Proverbs 19:21 There are many devices in a man’s heart; nevertheless the counsel of the LORD, that shall stand.
Think about these questions as you meditate on the verse. What does this verse teach me? How does this verse apply to my Life?
PAYING THE BILLS
Genesis 37:29-36
Sin is self-executive. Every sin pays its own bills. There’s a hell of suffering in every sin. When sin is let into the life its brood— pain, broken hearts, broken lives, remorse, and worse—comes in, too, and some day will break out and run riot, unless a stronger power intervenes. Jesus’ dying is appreciated fully only where sin’s badness is fully recognized.
MOTIVE MORE THAN EMOTION
Genesis 27:30-45
Weak impulses or bad ones, yielded to. are hard on the tear-ducts. There’s bound to be a bad emotional storm before the thing’s over. Tears are very impressive; they sway a lot of people. But one should look through the tear-mist to see what motive controls. Motive is more than emotion. If Esau had been thoughtfully right in his motives beforehand, his emotions wouldn’t be having such a hard time now.
IMPULSE OR PURPOSE?
Genesis 27:11-17
A man’s character is revealed most by his sober second thought. An impulse may be bad or good; a deliberate purpose is worse or better; it can strengthen or check the impulse. Esau was impulsive, a bundle of impulses, sometimes good, sometimes weak or bad. God couldn’t use him. Jacob was the stronger character, a cool, deliberate thinker. That made his badness worse, and his goodness better, when at last he yielded his life to God.
CHOICE PLUS GRACE
Genesis 27:1-10
Which is more in making character, heredity or training? the influences before birth or those after? Before birth parents should thoughtfully emphasize a planned heredity. Afterward it should be recognized that training can overcome any heredity. Poor Jacob was handicapped both ways on his mother’s side. Bad handicap that!
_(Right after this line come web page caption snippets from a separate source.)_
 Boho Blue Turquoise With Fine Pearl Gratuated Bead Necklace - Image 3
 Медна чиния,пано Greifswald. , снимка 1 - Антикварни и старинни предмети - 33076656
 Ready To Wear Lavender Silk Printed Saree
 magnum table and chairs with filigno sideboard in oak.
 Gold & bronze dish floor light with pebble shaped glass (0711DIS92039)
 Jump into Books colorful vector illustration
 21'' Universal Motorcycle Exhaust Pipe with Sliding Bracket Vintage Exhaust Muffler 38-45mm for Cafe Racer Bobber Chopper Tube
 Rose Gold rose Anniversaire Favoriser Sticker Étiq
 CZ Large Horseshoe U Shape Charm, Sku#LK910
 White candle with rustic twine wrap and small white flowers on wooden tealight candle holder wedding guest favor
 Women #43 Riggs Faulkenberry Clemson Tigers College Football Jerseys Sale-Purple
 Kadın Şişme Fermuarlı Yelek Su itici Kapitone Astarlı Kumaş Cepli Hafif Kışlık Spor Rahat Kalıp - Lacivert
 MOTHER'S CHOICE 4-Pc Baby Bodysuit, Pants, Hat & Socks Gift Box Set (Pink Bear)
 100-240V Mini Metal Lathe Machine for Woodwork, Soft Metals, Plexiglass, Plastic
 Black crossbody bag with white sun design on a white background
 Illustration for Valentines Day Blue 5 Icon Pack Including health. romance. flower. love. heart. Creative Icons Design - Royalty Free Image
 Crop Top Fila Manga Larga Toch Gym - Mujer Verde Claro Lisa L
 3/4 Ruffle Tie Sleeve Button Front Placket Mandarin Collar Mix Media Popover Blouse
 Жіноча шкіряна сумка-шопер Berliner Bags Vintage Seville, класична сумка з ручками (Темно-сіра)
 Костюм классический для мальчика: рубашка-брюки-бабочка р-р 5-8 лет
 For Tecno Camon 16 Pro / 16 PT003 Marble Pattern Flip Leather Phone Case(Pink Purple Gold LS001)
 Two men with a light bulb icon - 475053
Yet—yet, listen, a determined will and God’s resistless, gracious power can overcome any handicap.
DELAYING GOD
Genesis 27:18-29
Selfishness delays God’s love-plans. There is no more unpromising character in the Old Testament than Jacob. Back of unscrupulous bargaining and unprincipled trickery was intensest selfishness. Why did God use him? As Abraham’s grandson he was one of the only two that could be used in the world-plan being worked out. He was the least unusable of the two. And he had to be changed before the plan could work out. He delayed God. Selfishness always does.